WHAT TO DO:
Your answer must be every record below, written out exactly as it appears.

Collected data:
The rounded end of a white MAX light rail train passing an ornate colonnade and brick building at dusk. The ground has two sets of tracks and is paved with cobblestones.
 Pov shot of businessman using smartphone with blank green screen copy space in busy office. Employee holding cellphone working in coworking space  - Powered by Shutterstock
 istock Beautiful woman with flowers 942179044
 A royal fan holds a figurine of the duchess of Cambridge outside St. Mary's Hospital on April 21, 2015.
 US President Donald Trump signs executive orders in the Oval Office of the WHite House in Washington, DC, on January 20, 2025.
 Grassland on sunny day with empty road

WRITTEN RESPONSE:
The rounded end of a white MAX light rail train passing an ornate colonnade and brick building at dusk. The ground has two sets of tracks and is paved with cobblestones.
 Pov shot of businessman using smartphone with blank green screen copy space in busy office. Employee holding cellphone working in coworking space  - Powered by Shutterstock
 istock Beautiful woman with flowers 942179044
 A royal fan holds a figurine of the duchess of Cambridge outside St. Mary's Hospital on April 21, 2015.
 US President Donald Trump signs executive orders in the Oval Office of the WHite House in Washington, DC, on January 20, 2025.
 Grassland on sunny day with empty road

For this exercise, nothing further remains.